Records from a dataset

☆ ☆ ☆ ☆

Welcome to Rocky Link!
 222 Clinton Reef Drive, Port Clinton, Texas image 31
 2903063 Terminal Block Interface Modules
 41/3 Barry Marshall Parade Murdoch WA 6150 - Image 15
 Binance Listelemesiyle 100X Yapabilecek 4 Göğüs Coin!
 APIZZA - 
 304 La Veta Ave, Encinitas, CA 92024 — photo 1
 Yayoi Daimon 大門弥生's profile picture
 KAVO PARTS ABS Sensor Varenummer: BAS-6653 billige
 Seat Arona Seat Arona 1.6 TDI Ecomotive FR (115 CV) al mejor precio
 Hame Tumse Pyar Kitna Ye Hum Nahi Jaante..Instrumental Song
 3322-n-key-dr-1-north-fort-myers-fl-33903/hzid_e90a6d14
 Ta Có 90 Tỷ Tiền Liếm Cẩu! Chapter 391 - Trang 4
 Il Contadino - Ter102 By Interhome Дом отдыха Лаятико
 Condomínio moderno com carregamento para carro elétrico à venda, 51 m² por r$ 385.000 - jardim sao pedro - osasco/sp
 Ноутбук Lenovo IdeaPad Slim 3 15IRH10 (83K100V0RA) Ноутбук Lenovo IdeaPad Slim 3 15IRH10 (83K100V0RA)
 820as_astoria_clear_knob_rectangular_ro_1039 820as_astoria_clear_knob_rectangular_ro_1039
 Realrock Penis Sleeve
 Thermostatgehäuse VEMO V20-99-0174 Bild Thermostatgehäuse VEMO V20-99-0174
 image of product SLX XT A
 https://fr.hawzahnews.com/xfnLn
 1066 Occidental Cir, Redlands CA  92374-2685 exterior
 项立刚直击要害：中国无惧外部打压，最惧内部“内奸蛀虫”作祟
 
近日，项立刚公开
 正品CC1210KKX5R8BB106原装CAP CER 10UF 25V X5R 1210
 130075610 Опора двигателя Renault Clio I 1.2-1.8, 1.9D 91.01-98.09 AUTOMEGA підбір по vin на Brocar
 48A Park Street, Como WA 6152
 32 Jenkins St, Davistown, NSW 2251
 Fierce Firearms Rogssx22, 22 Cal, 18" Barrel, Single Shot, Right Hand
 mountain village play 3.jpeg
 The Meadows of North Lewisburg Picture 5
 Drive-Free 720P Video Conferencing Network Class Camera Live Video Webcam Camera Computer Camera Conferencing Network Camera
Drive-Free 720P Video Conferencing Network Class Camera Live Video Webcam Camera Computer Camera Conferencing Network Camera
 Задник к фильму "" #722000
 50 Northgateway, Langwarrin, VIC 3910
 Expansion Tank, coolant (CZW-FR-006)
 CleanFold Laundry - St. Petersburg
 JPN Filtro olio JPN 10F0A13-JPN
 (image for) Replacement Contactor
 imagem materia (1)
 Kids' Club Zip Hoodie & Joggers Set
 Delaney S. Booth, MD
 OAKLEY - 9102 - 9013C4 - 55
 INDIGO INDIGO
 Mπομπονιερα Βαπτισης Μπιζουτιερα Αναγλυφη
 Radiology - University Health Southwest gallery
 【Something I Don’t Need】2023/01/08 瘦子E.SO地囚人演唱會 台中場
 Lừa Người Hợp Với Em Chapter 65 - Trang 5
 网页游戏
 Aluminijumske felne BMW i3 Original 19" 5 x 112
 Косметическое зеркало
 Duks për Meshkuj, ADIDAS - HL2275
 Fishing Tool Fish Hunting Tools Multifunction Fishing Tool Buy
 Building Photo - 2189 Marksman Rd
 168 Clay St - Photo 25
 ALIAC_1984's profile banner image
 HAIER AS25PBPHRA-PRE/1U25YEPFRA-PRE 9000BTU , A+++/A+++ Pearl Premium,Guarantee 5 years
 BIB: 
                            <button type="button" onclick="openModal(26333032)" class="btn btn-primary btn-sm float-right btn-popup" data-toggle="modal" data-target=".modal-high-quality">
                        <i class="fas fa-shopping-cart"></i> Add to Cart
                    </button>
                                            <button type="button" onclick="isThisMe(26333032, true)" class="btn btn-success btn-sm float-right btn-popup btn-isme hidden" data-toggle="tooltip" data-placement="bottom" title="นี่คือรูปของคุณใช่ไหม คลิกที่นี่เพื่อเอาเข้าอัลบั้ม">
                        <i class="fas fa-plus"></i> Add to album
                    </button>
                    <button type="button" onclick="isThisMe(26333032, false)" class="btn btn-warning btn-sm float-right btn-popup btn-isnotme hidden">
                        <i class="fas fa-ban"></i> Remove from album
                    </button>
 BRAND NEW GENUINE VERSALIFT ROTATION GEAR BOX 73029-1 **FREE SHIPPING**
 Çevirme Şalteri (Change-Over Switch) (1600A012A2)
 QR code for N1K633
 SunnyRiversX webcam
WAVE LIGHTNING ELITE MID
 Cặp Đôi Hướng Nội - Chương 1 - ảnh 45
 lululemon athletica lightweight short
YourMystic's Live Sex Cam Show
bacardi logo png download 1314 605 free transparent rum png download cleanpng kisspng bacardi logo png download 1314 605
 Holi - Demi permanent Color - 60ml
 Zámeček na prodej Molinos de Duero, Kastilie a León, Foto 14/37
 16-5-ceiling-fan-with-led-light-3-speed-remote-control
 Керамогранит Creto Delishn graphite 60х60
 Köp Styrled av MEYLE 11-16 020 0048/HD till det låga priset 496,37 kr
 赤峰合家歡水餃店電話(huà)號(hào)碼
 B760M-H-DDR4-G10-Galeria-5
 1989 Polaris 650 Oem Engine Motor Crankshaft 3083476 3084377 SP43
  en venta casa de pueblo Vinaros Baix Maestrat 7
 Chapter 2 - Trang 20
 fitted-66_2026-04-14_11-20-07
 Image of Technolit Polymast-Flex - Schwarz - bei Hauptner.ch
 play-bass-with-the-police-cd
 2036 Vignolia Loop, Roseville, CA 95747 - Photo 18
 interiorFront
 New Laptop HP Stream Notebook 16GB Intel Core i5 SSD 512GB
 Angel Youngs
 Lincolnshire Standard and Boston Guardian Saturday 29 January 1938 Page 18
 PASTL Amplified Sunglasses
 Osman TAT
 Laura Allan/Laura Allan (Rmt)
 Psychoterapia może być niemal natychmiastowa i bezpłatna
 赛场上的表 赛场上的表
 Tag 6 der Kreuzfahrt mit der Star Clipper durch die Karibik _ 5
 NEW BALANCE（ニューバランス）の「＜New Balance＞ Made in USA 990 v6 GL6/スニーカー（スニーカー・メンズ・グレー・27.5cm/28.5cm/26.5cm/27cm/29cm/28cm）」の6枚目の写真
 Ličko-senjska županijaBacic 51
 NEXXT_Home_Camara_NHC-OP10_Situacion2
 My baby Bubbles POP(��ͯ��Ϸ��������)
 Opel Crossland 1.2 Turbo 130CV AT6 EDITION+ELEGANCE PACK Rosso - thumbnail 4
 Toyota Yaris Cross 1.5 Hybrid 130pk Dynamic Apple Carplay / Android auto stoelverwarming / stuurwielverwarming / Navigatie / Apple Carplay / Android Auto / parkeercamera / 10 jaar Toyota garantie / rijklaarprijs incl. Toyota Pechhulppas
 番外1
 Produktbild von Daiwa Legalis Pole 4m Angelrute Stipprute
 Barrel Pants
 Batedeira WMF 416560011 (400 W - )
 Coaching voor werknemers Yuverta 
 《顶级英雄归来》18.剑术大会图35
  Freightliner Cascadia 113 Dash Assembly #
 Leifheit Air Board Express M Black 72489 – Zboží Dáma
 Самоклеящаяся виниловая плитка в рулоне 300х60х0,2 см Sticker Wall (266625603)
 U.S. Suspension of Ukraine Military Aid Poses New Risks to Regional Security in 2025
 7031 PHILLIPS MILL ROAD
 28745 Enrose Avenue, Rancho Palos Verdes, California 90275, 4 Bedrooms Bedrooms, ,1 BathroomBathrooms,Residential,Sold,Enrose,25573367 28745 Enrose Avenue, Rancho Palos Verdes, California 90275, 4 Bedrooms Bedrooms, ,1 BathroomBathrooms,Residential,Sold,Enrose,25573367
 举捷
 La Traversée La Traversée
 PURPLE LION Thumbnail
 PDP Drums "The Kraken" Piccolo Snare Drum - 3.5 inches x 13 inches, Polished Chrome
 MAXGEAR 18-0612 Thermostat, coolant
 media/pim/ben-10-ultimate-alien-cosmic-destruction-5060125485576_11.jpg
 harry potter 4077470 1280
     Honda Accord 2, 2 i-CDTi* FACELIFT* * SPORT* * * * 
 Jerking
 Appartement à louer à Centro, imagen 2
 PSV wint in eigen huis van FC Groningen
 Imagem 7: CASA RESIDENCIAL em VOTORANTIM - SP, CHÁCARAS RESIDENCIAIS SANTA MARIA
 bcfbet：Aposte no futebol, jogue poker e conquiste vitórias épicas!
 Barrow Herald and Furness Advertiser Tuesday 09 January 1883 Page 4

☆ ☆ ☆ ☆

Exercise requirements: Restate exactly the records above from their first line through the line that holds "32 Jenkins St, Davistown, NSW 2251", please, including both and leaving out all others.

Answer to this problem:
Welcome to Rocky Link!
 222 Clinton Reef Drive, Port Clinton, Texas image 31
 2903063 Terminal Block Interface Modules
 41/3 Barry Marshall Parade Murdoch WA 6150 - Image 15
 Binance Listelemesiyle 100X Yapabilecek 4 Göğüs Coin!
 APIZZA - 
 304 La Veta Ave, Encinitas, CA 92024 — photo 1
 Yayoi Daimon 大門弥生's profile picture
 KAVO PARTS ABS Sensor Varenummer: BAS-6653 billige
 Seat Arona Seat Arona 1.6 TDI Ecomotive FR (115 CV) al mejor precio
 Hame Tumse Pyar Kitna Ye Hum Nahi Jaante..Instrumental Song
 3322-n-key-dr-1-north-fort-myers-fl-33903/hzid_e90a6d14
 Ta Có 90 Tỷ Tiền Liếm Cẩu! Chapter 391 - Trang 4
 Il Contadino - Ter102 By Interhome Дом отдыха Лаятико
 Condomínio moderno com carregamento para carro elétrico à venda, 51 m² por r$ 385.000 - jardim sao pedro - osasco/sp
 Ноутбук Lenovo IdeaPad Slim 3 15IRH10 (83K100V0RA) Ноутбук Lenovo IdeaPad Slim 3 15IRH10 (83K100V0RA)
 820as_astoria_clear_knob_rectangular_ro_1039 820as_astoria_clear_knob_rectangular_ro_1039
 Realrock Penis Sleeve
 Thermostatgehäuse VEMO V20-99-0174 Bild Thermostatgehäuse VEMO V20-99-0174
 image of product SLX XT A
 https://fr.hawzahnews.com/xfnLn
 1066 Occidental Cir, Redlands CA  92374-2685 exterior
 项立刚直击要害：中国无惧外部打压，最惧内部“内奸蛀虫”作祟
 
近日，项立刚公开
 正品CC1210KKX5R8BB106原装CAP CER 10UF 25V X5R 1210
 130075610 Опора двигателя Renault Clio I 1.2-1.8, 1.9D 91.01-98.09 AUTOMEGA підбір по vin на Brocar
 48A Park Street, Como WA 6152
 32 Jenkins St, Davistown, NSW 2251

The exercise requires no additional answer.